On the other hand, the Senate Committee on Banking, Currency and Other Financial Institutions had opposed the proposal and directed the CBN to suspend the project. According to the upper chamber, the project was a wastage of resources and would neither benefit the Nigerian people nor the economy.
There are also indications that the House will renew its agitation on the need for the Federal Government to approach the International Court of Justice (ICJ) for a possible review of the court’s judgement on the Bakassi Peninsular. Just before the recess, the House passed a resolution demanding a review of the ICJ judgement ceding the Bakassi Peninsular to the Republic of Cameroon.
The House charged the Federal Government to commence the process of the review of the judgement as well as prevail on the United Nations to conduct a plebiscite on the disputed territory to give the people of Bakassi an opportunity to self determination.
The Bakassi territory was ceded to Cameroun ten years ago in controversial circumstances. As part of the implementation of the ruling of the international court, Nigeria and Cameroun signed a treaty known as the Green Tree Agreement. In a motion of urgent national importance sponsored by Hon. Essien Ekpenyong Ayi, member of the House representing Bakassi/Calabar South/Akpabuyo Federal Constituency, Cross River State, the lower chamber of the parliament cautioned that time was fast running out on the matter as the ten-year window allowed for reviews of judgements passed by the ICJ would elapse on October 10, 2012. Ayi argued that the ICJ ruling delivered on October 10, 2002 was unacceptable to the natives of Bakassi as the court did not take into consideration all the issues at stake.
“We the people of Bakassi, up till today, reject the International Court of Justice judgement whose focus was on oil and not the people. We reject the cruel, inhuman and degrading treatment meted out on us by the omission of the Federal Government of Nigeria to exhaust all remedies open to Bakassi.

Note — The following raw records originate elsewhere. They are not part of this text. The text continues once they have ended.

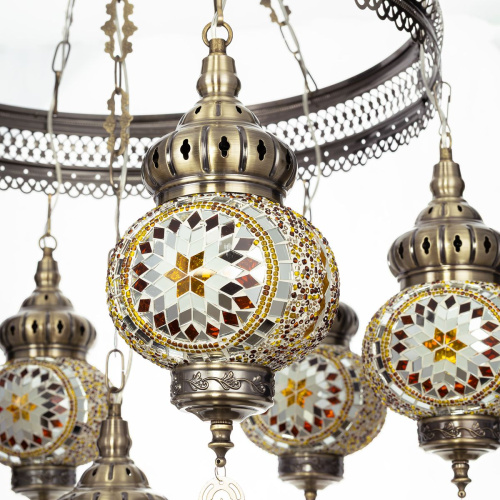 Подвесная люстра Citilux Каир CL419165 фото 8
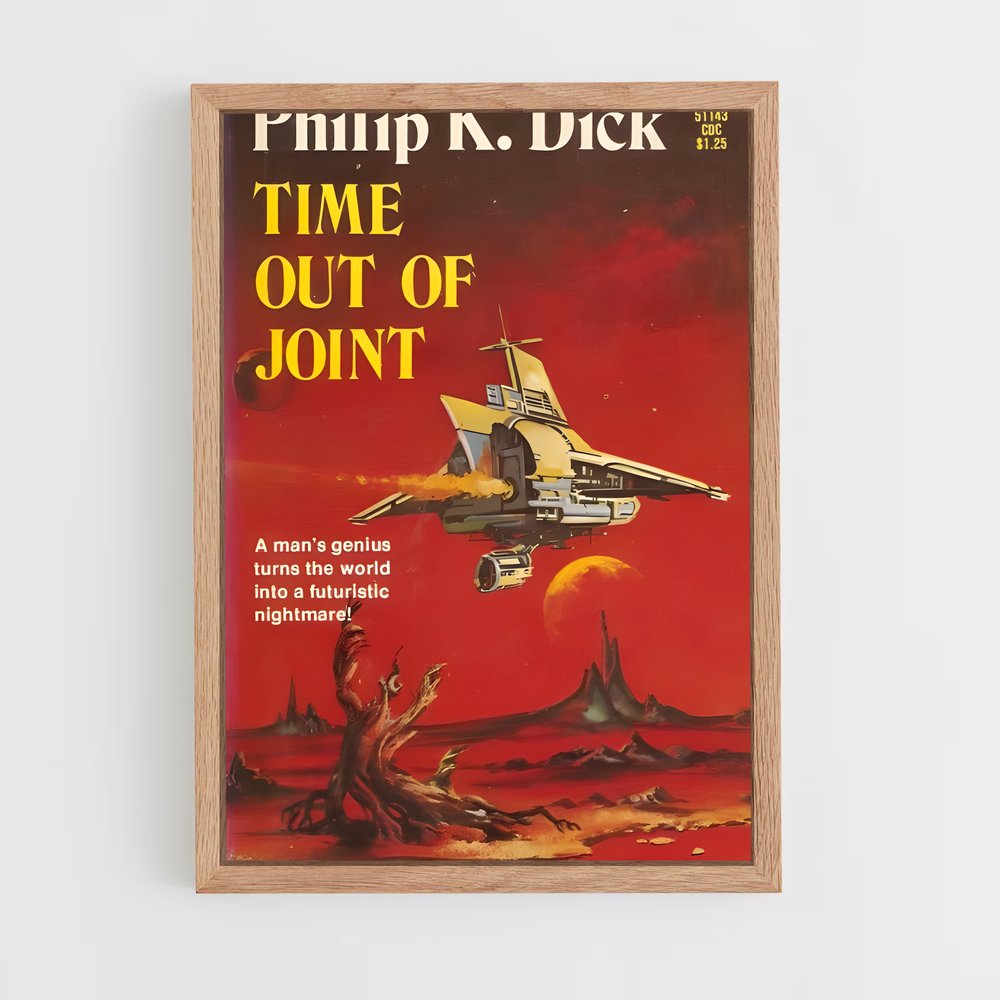 ap-philip k dick-12 cadre Bois clair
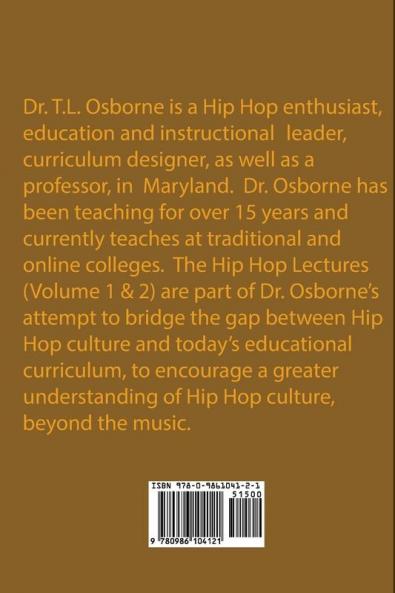 The Hip Hop Lectures (Volume 2)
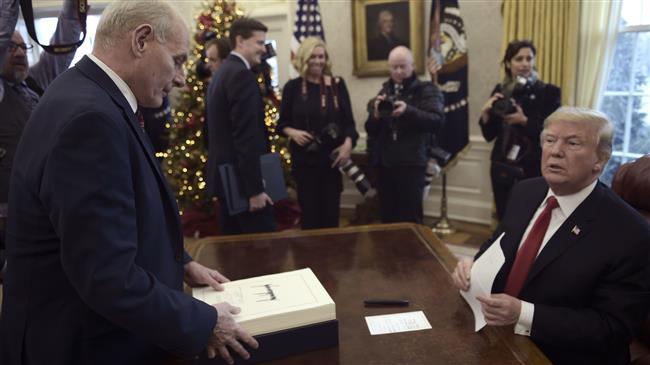 'WH chief of staff threatened to quit'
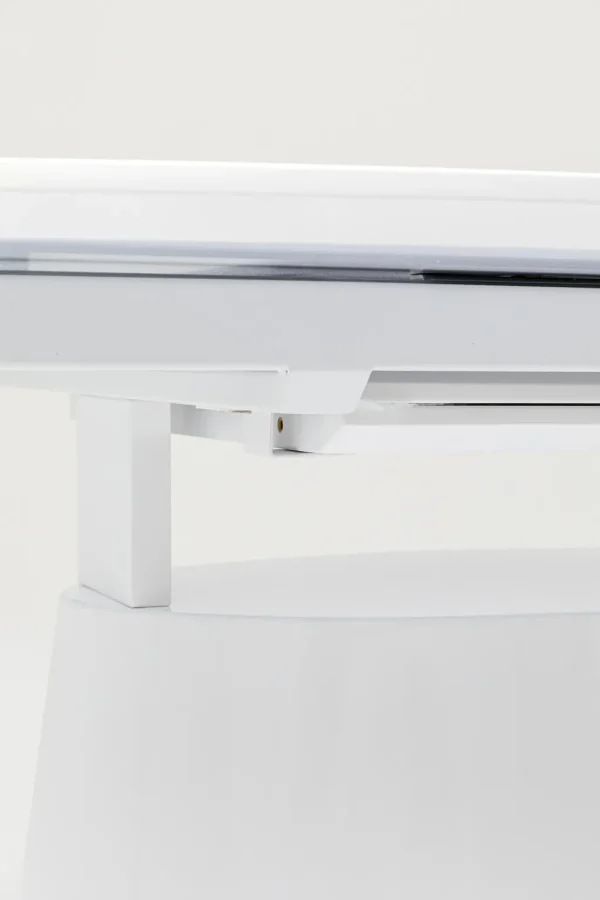 Pöydät>KARE Design Benvenuto Jatkettava Pöytä, Valkoinen 200(50)x110cm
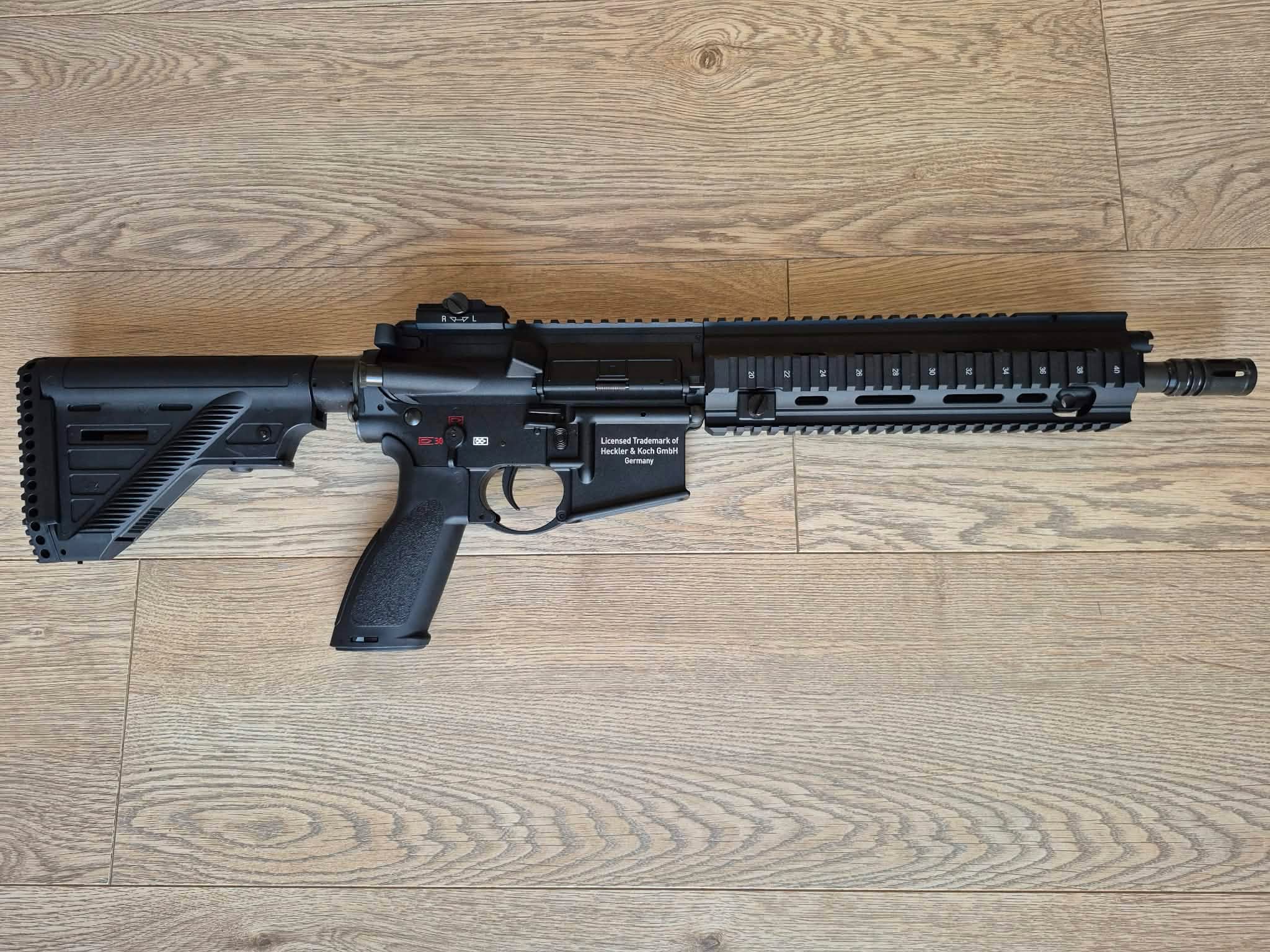 HK416a5 VFC Umarex AEG fabrycznie nowy z rachunkiem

“New facts have emerged showing that the ICJ reached its judgement in error. One of these facts is that the 1913 Anglo-German Treaty relied upon by the ICJ to cede Bakassi to Cameroon is in breach of Article 6 of the General Act of Berlin Conference that enjoined European powers ‘to watch out over the preservation of the native tribes and not to take over or effect transfer of their territory’.

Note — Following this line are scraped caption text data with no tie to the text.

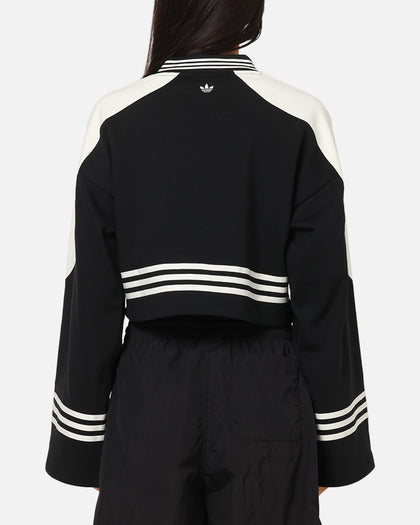 Adidas Women's Crew Sweatshirt Black/Off White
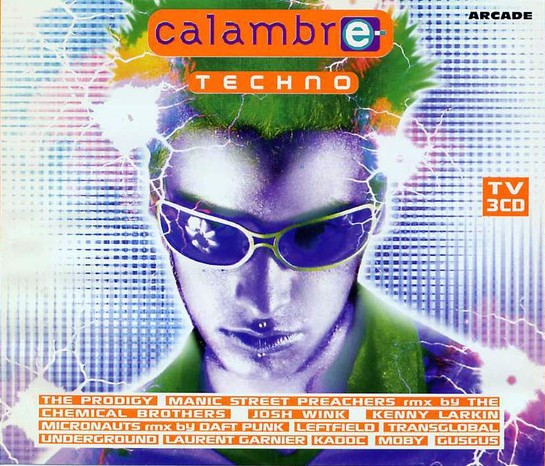Calambre Techno cover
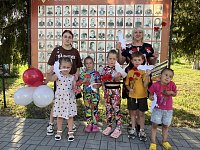 Белые журавлики для Героев
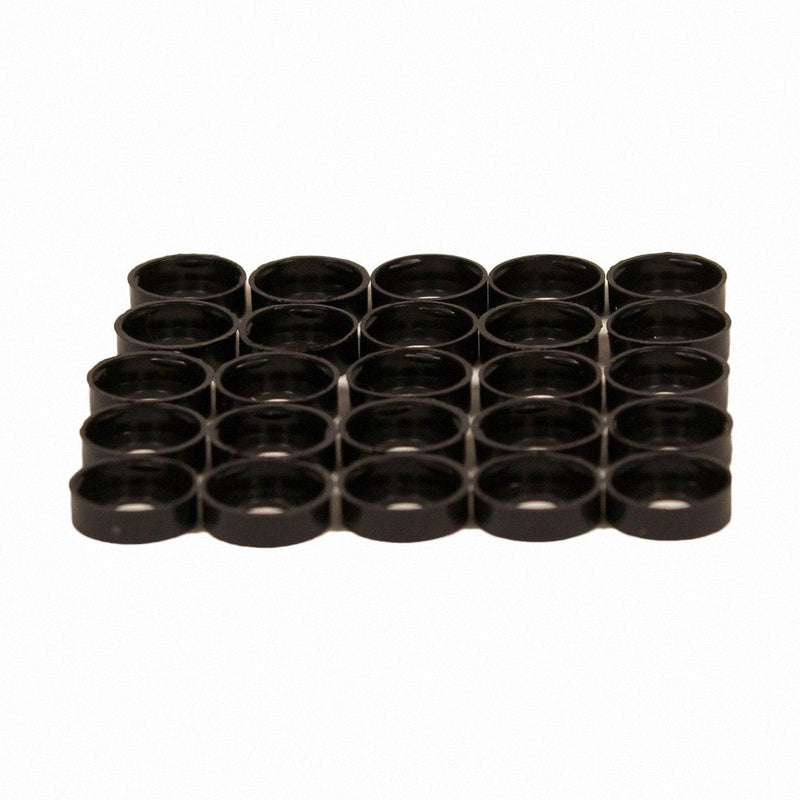 NavePoint M6 Cage Nuts and Screws for Rack Mount Server Shelves Cabinets Set of 25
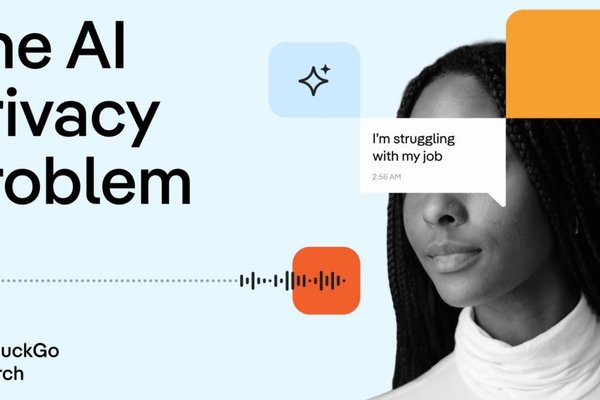 DuckDuckGo survey highlights how much personal information users share with AI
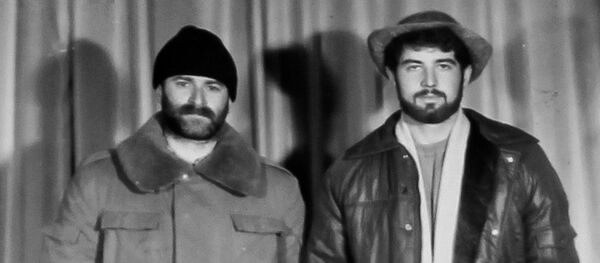 Табуты Родион йӕ ӕмгар Тедеты Гивиимӕ - Sputnik Хуссар Ирыстон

Although, the suicide bomb attacks by the Boko Haram appear to have subsided save for the recent attacks on telecommunication equipment and facilities across some states in the North-east and North-west zones, the lawmakers may reopen discussions on the emerging threats to national security. During the break, the Bakassi imbroglio sparked off a near violent reaction from the natives of the disputed territory. A group that called itself the Bakassi Liberation Front claimed it had declared the Peninsula an independent territory with its own national flag, anthem and a radio station.
About the same time, a similar declaration of autonomy occurred in Ogoniland, Rivers State. These wranglings against the Nigerian state are potential threats the lawmakers cannot ignore as they return from their recess.